**Record set**
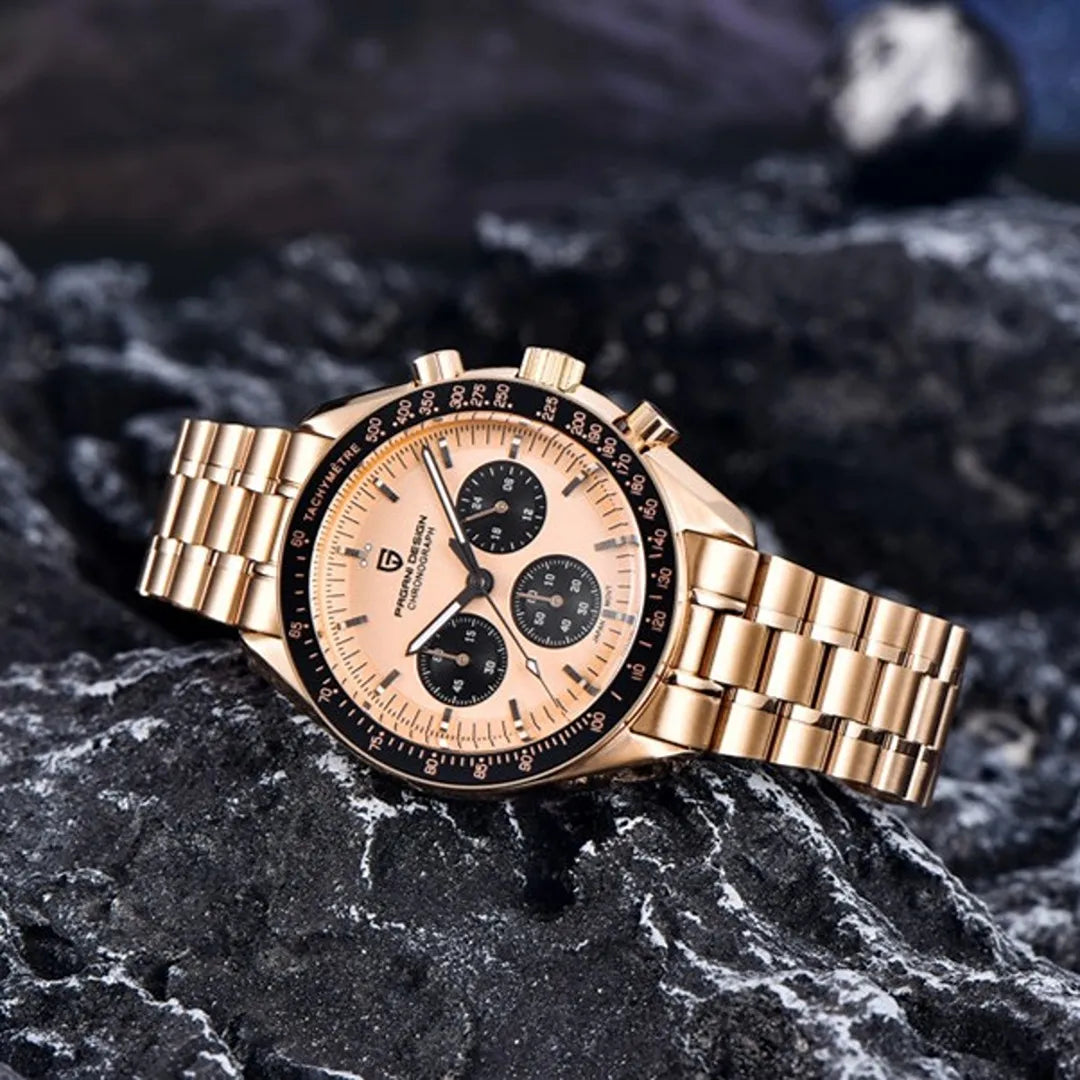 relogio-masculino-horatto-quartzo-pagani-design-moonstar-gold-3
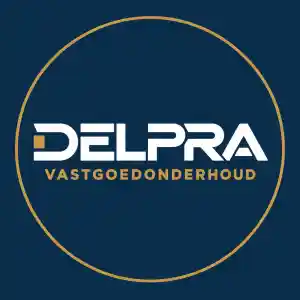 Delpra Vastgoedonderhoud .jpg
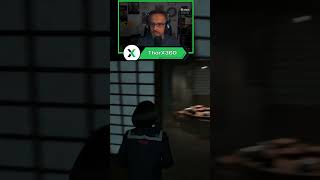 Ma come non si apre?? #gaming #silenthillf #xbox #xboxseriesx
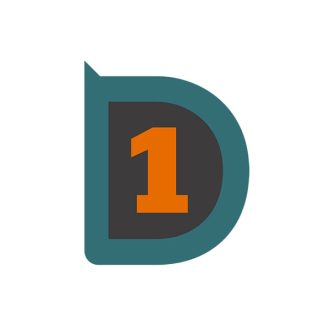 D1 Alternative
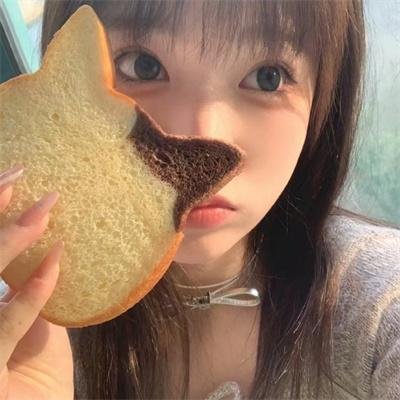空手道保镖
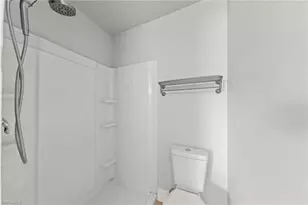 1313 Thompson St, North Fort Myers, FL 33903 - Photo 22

* * *

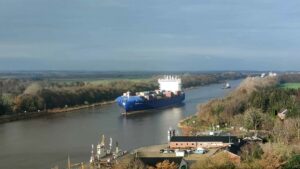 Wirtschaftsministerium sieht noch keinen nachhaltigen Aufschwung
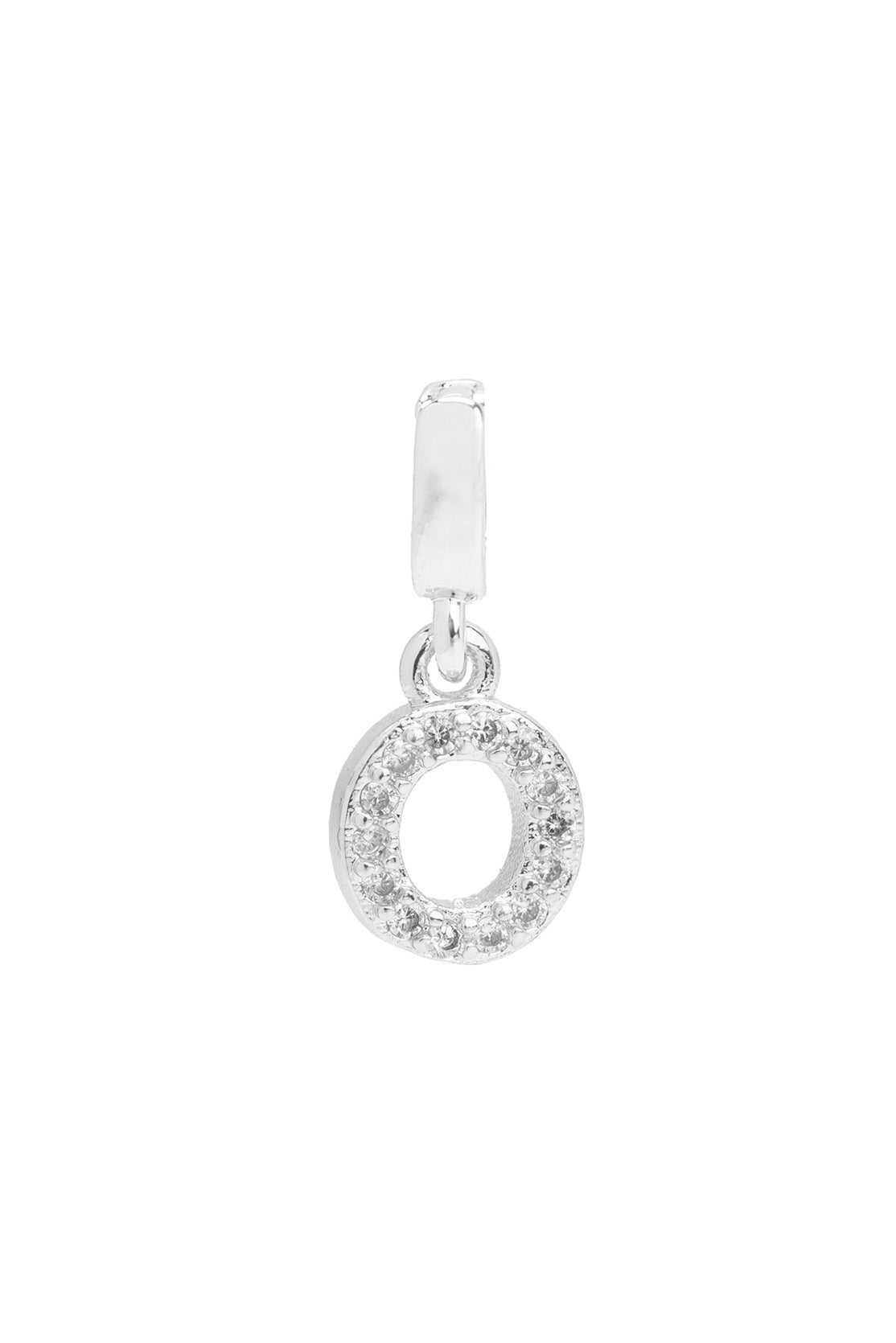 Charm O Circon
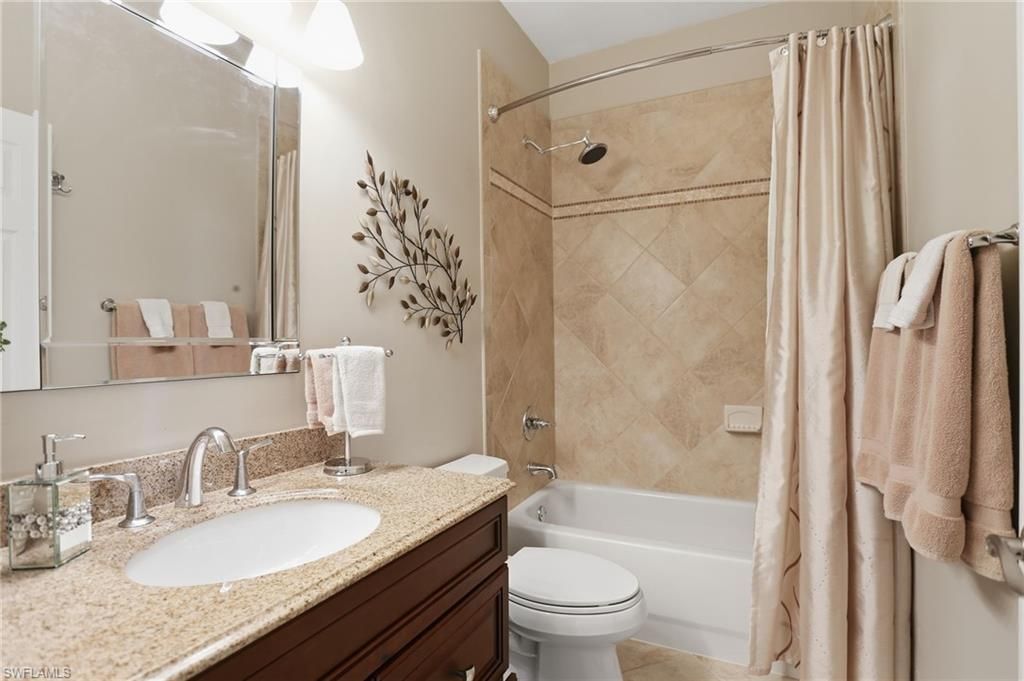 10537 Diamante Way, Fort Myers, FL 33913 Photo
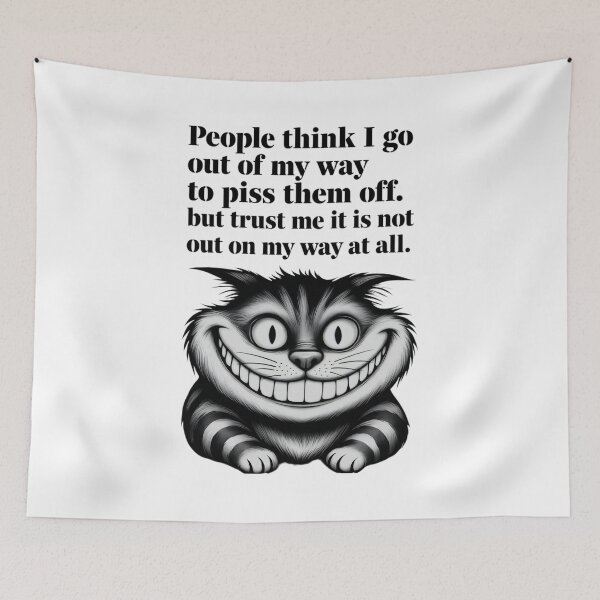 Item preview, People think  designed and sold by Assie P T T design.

**Work instructions**
Quote the data above exactly from the line with "relogio-masculino-horatto-quartzo-pagani-design-moonstar-gold-3" to the line with "1313 Thompson St, North", both ends counted, and nothing else. Pictures don't go in.

**Output of the task**
 relogio-masculino-horatto-quartzo-pagani-design-moonstar-gold-3
 Delpra Vastgoedonderhoud .jpg
 Ma come non si apre?? #gaming #silenthillf #xbox #xboxseriesx
 D1 Alternative
空手道保镖
 1313 Thompson St, North Fort Myers, FL 33903 - Photo 22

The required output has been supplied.